2 Mexicans deny terrorism, face 30 years for tweet

By Mark Stevenson
Associated Press

Think before you tweet.

A former teacher turned radio commentator and a math tutor who lives with his mother sit in a prison in southern Mexico, facing possible 30-year sentences for terrorism and sabotage in what may be the most serious charges ever brought against anyone using a Twitter social network account.

Prosecutors say the defendants helped cause a chaos of car crashes and panic as parents in the Gulf Coast city of Veracruz rushed to save their children because of false reports that gunmen were attacking schools.

Gerardo Buganza, interior secretary for Veracruz state, compared the panic to that caused by Orson Welles' 1938 radio broadcast of "The War of the Worlds." But he said the fear roused by that account of a Martian invasion of New Jersey "was small compared to what happened here."
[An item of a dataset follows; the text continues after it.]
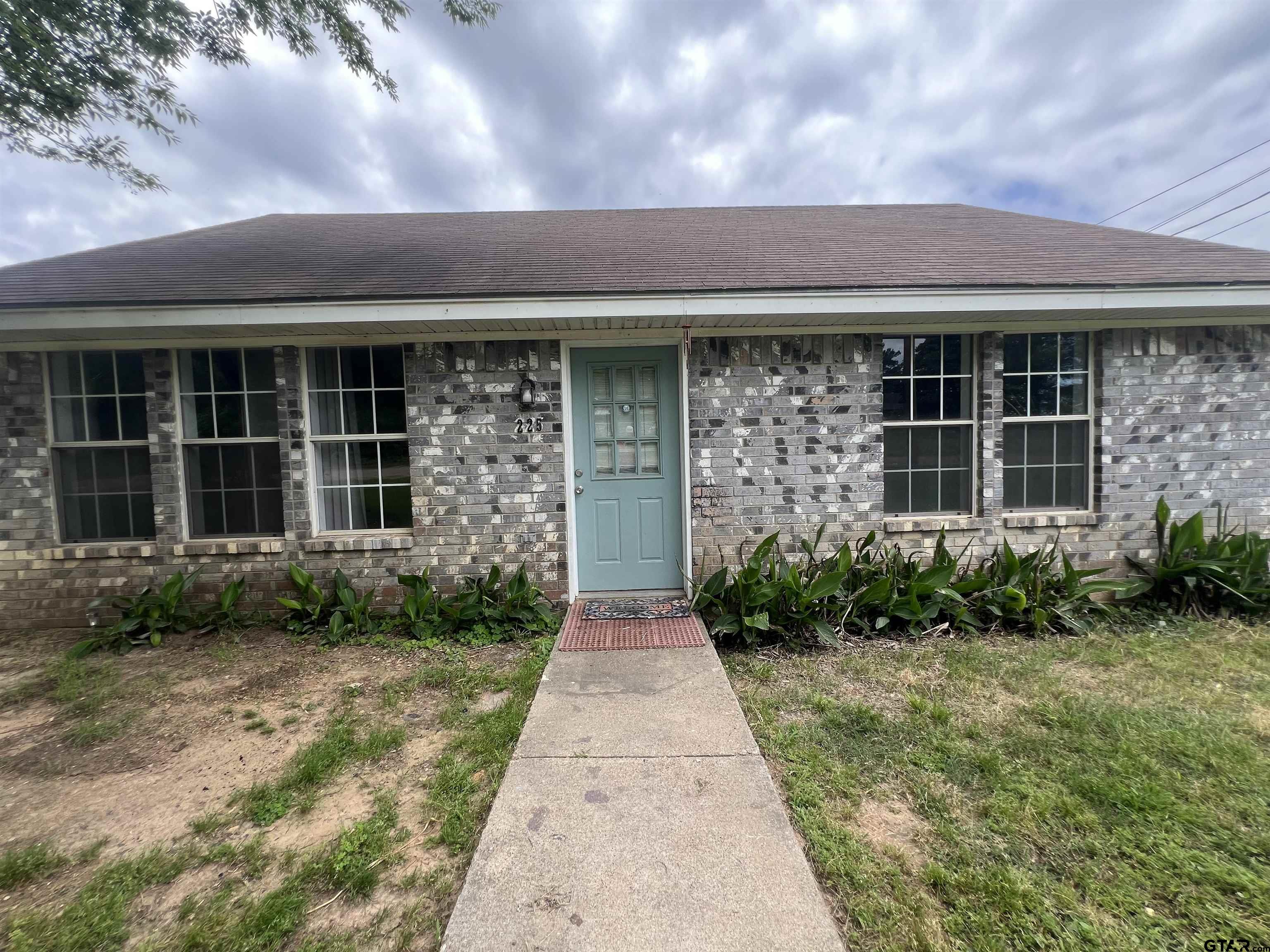 221 Lockerplant Rd.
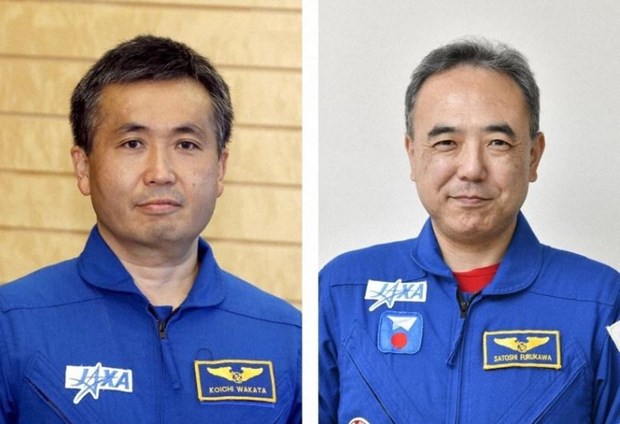 Hai nhà du hành vũ trụ Wakata Koichi (trái) và Furukawa Satoshi.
"Here, there were 26 car accidents, or people left their cars in the middle of the streets to run and pick up their children, because they thought these things were occurring at their kids' schools," Buganza told local reporters.
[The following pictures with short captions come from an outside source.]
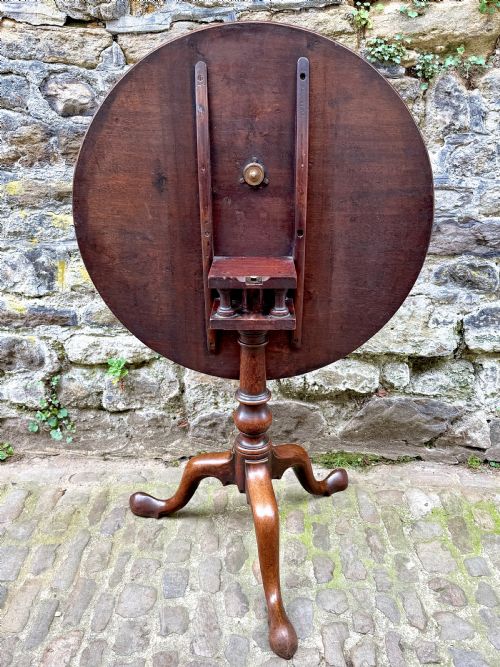 A GEORGE III MAHOGANY TRIPOD TABLE - ADDITIONAL PHOTO 2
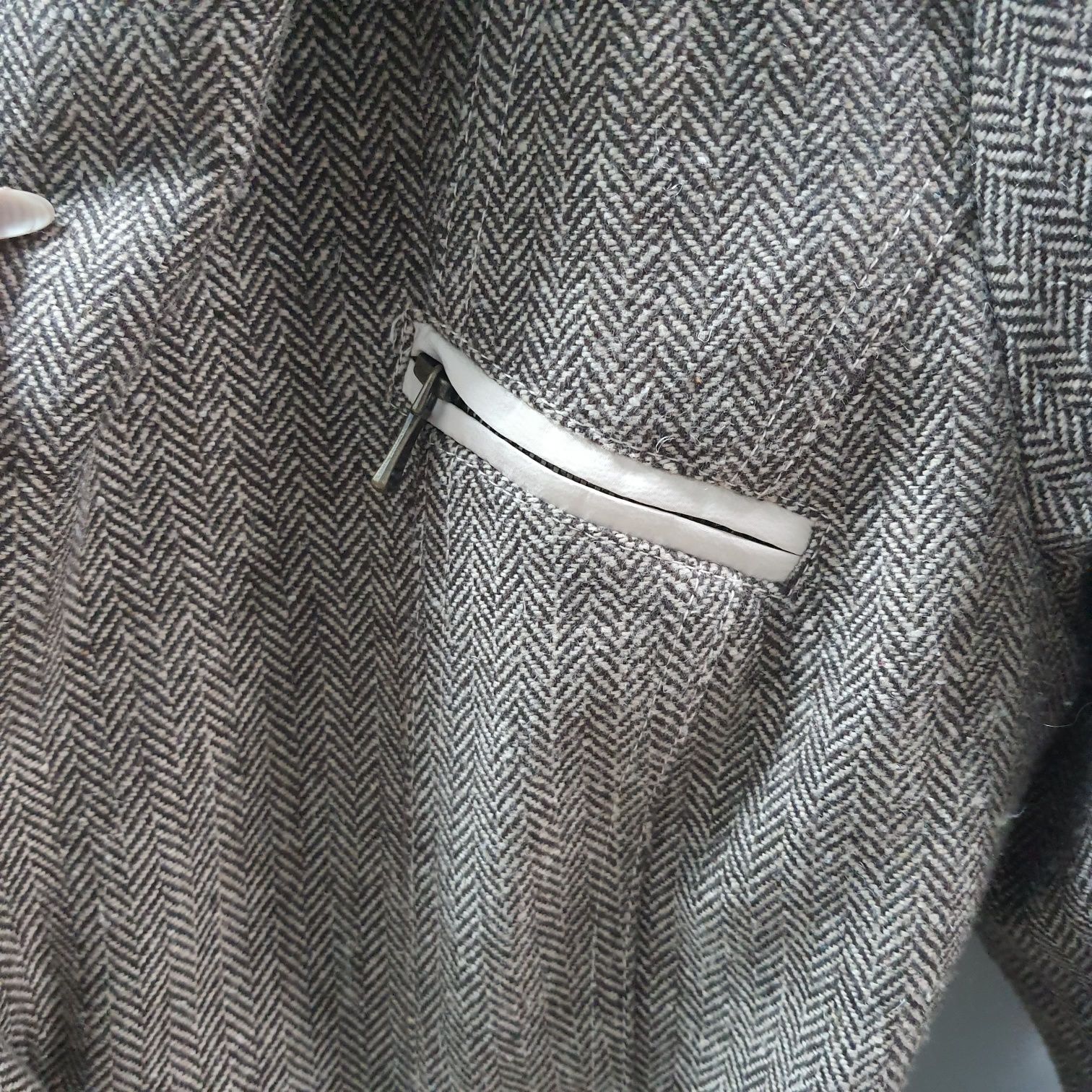 Куртка-пиджак с капюшоном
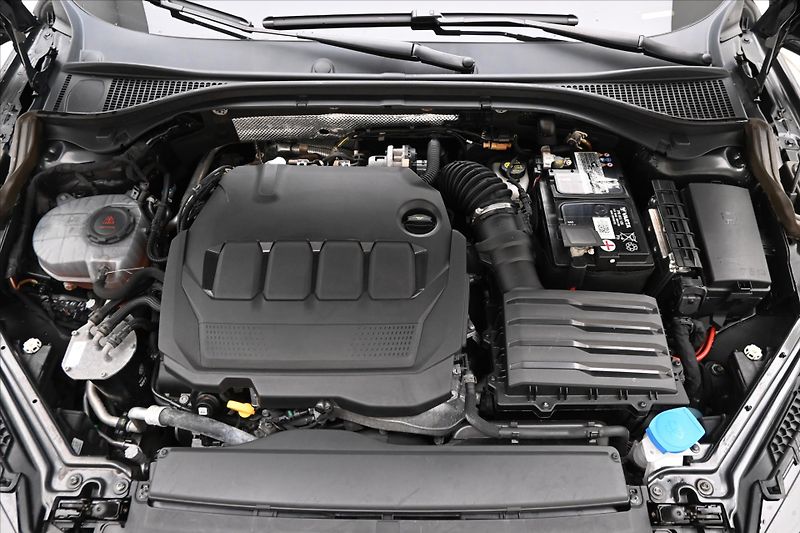 Škoda Superb 2,0 TDI 147 kW DSG 4x4 Ambitio - fotka 9 z 30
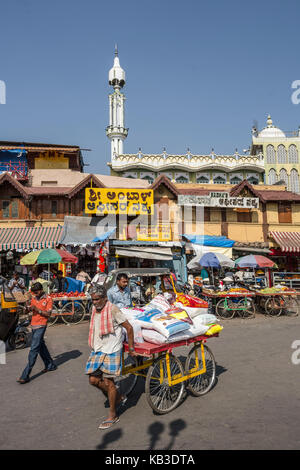 India, Karnataka, Mysore, mercato devarala, venditore ambulante Foto Stock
The charges say the messages caused such panic that emergency numbers "totally collapsed because people were terrified," damaging service for real emergencies.

Veracruz, the state's largest city, and the neighboring suburb of Boca del Rio were already on edge after weeks of gunbattles involving drug traffickers. One attack occurred on a major boulevard. In another, gunmen tossed a grenade outside the city aquarium, killing an tourist and seriously wounding his wife and their two young children.
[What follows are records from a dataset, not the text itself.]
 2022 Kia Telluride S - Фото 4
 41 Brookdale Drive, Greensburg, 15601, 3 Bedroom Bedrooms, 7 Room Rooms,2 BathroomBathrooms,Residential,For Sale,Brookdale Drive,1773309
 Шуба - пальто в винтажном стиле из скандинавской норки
On Aug. 25, nerves were further frayed when residents saw armed convoys of marines circulating on the streets, making some think a confrontation with gangs was imminent.

That is when Gilberto Martinez Vera, who works as a low-paid tutor at several private schools, allegedly opened the floodgates of fear with repeated messages that gunmen were taking children from schools.
"My sister-in-law just called me all upset, they just kidnapped five children from the school," Martinez tweeted.

In fact, no such kidnappings occurred that day. Defense lawyer Claribel Guevara said the rumors already had started and that Martinez Vera was just relaying what others told him. She said he never claimed to have firsthand knowledge of the incident.

But in a subsequent tweet about the kidnap rumor, he said, "I don't know what time it happened, but it's true." He also tweeted that three days earlier, "they mowed down six kids between 13 and 15 in the Hidalgo neighborhood." While a similar attack occurred, it didn't involve children.

Prosecutors say the rumors were also sent by Maria de Jesus Bravo Pagola, who has worked as a teacher, a state arts official and a radio commentator. She says she was just relaying such messages to her own Twitter followers.

"How can they possibly do this to me, for re-tweeting a message? I mean, it's 140 characters. It's not logical,'" said Guevara, quoting her client.

Better known on the radio and social networks as "Maruchi," her Facebook site now features the Twitter logo, a little bluebird, blindfolded and standing in front of the scales of justice, with the slogan "I too am a TwitTerrorist."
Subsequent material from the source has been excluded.